- **WORK TO BE COMPLETED**
Repeat exactly the lines of the listing below, please, starting with the first and ending with the line containing "Time to see"; leave out the rest.

----

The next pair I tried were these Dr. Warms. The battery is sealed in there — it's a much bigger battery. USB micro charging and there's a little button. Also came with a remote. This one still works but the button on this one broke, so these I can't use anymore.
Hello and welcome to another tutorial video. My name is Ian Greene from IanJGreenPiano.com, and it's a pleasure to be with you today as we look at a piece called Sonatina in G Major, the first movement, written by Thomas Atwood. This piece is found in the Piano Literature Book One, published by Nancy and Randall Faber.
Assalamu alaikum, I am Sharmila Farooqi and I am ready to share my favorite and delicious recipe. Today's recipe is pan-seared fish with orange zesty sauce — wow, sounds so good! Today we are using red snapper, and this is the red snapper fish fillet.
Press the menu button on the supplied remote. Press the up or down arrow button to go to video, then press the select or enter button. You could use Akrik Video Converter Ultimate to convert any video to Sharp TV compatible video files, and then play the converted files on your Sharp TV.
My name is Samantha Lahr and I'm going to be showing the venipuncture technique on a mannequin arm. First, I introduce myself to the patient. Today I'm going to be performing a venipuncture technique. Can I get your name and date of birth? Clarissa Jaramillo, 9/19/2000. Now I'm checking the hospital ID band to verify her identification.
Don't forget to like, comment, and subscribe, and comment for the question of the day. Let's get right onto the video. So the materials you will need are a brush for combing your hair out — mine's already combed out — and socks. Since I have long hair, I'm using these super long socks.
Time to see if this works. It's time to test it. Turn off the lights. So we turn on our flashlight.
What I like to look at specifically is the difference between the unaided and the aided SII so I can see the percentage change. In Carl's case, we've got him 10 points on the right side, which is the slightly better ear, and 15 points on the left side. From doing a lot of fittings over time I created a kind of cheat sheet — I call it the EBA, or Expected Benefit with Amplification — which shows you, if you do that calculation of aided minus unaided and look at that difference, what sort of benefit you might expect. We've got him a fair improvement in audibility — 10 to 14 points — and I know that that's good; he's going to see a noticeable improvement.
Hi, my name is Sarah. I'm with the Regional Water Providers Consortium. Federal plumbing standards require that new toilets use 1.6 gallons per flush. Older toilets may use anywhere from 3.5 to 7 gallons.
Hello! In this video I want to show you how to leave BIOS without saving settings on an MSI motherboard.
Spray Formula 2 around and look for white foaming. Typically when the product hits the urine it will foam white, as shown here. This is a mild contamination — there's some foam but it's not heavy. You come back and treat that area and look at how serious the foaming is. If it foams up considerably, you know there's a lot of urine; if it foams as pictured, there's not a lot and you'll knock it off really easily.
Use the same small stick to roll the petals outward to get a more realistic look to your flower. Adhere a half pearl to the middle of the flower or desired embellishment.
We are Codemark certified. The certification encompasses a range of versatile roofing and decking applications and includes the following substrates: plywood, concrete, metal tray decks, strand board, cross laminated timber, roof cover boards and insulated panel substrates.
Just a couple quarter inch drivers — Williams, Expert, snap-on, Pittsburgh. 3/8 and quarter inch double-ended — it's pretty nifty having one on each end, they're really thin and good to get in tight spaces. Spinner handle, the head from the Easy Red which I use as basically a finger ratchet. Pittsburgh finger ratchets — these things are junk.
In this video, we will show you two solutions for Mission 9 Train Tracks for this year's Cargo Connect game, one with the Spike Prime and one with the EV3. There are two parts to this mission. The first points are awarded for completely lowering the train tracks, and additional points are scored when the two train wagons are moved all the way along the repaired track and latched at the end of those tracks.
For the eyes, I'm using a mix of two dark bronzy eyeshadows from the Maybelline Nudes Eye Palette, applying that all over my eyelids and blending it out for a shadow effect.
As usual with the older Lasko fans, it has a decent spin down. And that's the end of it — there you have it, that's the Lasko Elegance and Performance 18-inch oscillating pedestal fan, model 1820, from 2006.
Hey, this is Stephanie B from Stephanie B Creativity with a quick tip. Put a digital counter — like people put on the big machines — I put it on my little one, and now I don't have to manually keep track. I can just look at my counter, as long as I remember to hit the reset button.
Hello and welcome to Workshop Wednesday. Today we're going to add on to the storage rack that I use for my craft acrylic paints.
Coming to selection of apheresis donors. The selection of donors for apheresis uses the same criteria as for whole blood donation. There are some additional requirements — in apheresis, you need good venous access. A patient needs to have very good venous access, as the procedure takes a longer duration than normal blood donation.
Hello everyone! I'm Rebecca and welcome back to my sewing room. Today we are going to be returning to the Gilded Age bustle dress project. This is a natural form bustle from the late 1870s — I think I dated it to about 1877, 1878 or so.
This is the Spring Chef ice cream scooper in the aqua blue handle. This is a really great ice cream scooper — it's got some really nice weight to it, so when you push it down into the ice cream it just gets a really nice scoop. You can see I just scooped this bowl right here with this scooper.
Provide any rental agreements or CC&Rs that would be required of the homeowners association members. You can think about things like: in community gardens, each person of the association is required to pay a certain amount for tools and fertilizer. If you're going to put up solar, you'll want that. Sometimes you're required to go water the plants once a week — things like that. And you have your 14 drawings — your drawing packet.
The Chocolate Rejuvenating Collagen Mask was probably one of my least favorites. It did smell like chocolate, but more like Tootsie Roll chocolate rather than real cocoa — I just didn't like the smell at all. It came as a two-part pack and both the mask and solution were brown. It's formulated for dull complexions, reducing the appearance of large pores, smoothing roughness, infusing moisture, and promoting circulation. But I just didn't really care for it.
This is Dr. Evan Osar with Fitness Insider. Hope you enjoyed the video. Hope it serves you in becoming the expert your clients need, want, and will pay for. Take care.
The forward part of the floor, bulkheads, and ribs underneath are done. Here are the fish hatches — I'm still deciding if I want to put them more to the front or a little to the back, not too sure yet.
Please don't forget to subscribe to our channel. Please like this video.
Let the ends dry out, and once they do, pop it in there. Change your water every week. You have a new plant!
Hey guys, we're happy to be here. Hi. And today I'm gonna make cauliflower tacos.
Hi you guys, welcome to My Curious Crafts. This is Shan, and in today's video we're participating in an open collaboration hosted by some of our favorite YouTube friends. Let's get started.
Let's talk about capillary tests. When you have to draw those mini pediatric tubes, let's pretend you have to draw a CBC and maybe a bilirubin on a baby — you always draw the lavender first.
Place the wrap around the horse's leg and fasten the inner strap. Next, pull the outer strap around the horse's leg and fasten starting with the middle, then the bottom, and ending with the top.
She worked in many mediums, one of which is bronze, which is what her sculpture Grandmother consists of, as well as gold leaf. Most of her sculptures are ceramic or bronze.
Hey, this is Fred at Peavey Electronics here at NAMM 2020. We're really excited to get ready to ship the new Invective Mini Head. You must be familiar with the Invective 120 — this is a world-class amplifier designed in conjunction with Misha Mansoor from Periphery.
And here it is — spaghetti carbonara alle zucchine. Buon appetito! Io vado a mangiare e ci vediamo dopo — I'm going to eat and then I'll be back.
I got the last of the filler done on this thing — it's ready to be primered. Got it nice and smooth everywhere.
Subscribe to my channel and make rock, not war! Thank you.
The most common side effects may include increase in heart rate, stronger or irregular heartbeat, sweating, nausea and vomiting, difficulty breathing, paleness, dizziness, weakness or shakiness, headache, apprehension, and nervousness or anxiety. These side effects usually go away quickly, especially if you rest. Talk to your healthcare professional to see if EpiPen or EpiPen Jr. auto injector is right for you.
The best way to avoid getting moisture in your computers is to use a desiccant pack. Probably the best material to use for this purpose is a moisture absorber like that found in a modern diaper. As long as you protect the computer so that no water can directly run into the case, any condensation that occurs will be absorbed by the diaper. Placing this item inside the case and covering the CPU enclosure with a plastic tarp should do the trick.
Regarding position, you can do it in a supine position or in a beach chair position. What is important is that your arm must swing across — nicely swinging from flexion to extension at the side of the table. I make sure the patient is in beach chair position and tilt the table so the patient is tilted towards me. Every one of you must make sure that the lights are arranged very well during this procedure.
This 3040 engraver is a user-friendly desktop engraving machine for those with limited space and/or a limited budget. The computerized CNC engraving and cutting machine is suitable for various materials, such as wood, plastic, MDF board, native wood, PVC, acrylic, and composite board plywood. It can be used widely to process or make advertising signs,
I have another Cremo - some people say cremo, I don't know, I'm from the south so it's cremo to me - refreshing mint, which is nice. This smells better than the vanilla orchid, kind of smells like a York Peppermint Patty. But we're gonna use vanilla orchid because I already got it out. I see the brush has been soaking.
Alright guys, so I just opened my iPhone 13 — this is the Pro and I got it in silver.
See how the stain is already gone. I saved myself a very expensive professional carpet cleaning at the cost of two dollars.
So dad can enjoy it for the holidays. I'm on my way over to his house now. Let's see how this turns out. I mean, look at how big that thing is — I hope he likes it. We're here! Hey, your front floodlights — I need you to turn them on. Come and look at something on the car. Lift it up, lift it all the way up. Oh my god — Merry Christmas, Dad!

----

- **ANSWER FOR THIS EXERCISE**
The next pair I tried were these Dr. Warms. The battery is sealed in there — it's a much bigger battery. USB micro charging and there's a little button. Also came with a remote. This one still works but the button on this one broke, so these I can't use anymore.
Hello and welcome to another tutorial video. My name is Ian Greene from IanJGreenPiano.com, and it's a pleasure to be with you today as we look at a piece called Sonatina in G Major, the first movement, written by Thomas Atwood. This piece is found in the Piano Literature Book One, published by Nancy and Randall Faber.
Assalamu alaikum, I am Sharmila Farooqi and I am ready to share my favorite and delicious recipe. Today's recipe is pan-seared fish with orange zesty sauce — wow, sounds so good! Today we are using red snapper, and this is the red snapper fish fillet.
Press the menu button on the supplied remote. Press the up or down arrow button to go to video, then press the select or enter button. You could use Akrik Video Converter Ultimate to convert any video to Sharp TV compatible video files, and then play the converted files on your Sharp TV.
My name is Samantha Lahr and I'm going to be showing the venipuncture technique on a mannequin arm. First, I introduce myself to the patient. Today I'm going to be performing a venipuncture technique. Can I get your name and date of birth? Clarissa Jaramillo, 9/19/2000. Now I'm checking the hospital ID band to verify her identification.
Don't forget to like, comment, and subscribe, and comment for the question of the day. Let's get right onto the video. So the materials you will need are a brush for combing your hair out — mine's already combed out — and socks. Since I have long hair, I'm using these super long socks.
Time to see if this works. It's time to test it. Turn off the lights. So we turn on our flashlight.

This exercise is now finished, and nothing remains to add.